Note: CONCURRENTLY can't run inside a transaction. Alembic wraps migrations in a transaction by default; opt out:

from alembic import op
from sqlalchemy import engine_from_config

revision = "abc123"
# ...

def upgrade() -> None:
    with op.get_context().autocommit_block():
        op.execute("CREATE INDEX CONCURRENTLY ...")

NOT NULL on existing column

Don't do it in one migration on a big table. It locks.

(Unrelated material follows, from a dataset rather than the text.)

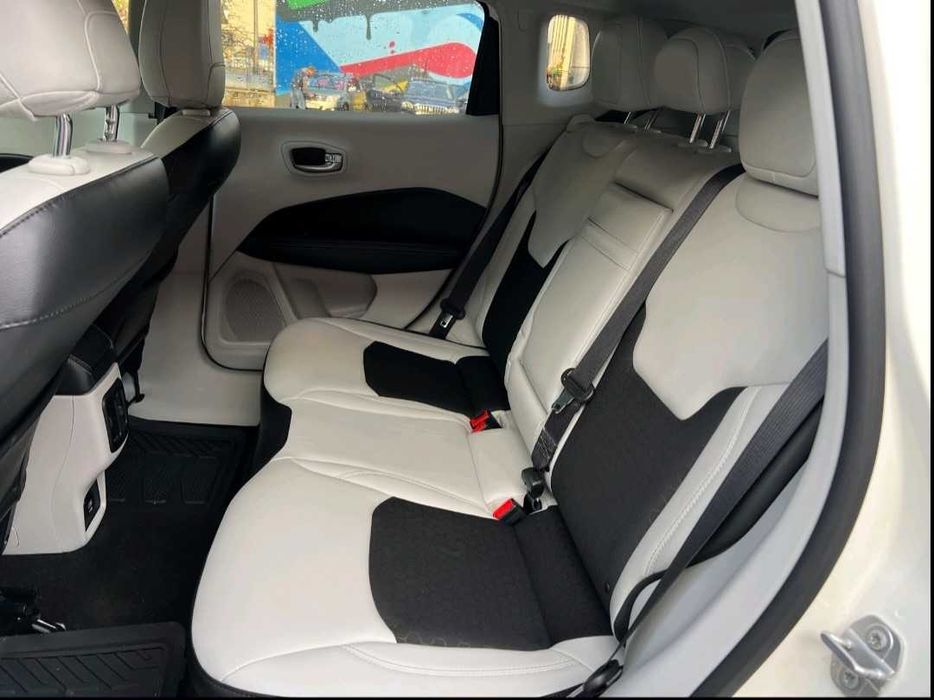 продам авто джип компас 2018 року автомат бензин повний привід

Add column nullable, backfill, then
ALTER TABLE ... ALTER COLUMN ... SET NOT NULL — only after every row has a value

Plan it in two releases.

Naming

Thing	Convention	Example
Table	`snake_case`, plural	`audit_events`
Column	`snake_case`	`tenant_id`, `created_at`
Primary key	`id`, UUIDv7	—
Foreign key	`<referenced_table_singular>_id`	`tenant_id`, `agent_id`
Timestamps	`created_at`, `updated_at`	both `timestamp with time zone`
Index	`idx_<table>_<cols>`	`idx_audit_events_agent_ts`
Unique index	`uq_<table>_<cols>`	`uq_api_keys_key_hash`

All timestamps in UTC. Never timestamp without time zone.

Connection pooling

Dev: 5 connections per process
Staging / prod: 20 per Cloud Run instance
Max Cloud SQL connections: 100 (staging), 400 (prod)
Cloud Run concurrency cap × instances = must stay under the DB max

If you see FATAL: too many connections, check the pool size in config/database.py and the instance count in Cloud Run. We don't use pgbouncer; Cloud SQL Proxy is enough at our scale.

Read replica

Prod has one streaming replica for dashboards and analytics queries. Cloud SQL Proxy exposes it with a -replica suffix.

Rules:

Never write to the replica. It can't accept writes anyway, but don't build code that tries.
Prefer the replica for dashboard queries where sub-second staleness is fine.
Don't use the replica for audit integrity checks — they need strictly-serializable reads.

Testing migrations

Alembic migrations run against a real Postgres in CI via testcontainers. The test suite:

Creates a fresh DB
Runs alembic upgrade head
Seeds factories
Runs the integration tests

This catches migration regressions before they hit staging.

Generating ERDs

# Requires graphviz
uv run python -m tappass.tools.erd --output docs/erd.svg

Drop the SVG into a PR description when the change affects the schema meaningfully. Don't commit it — it drifts.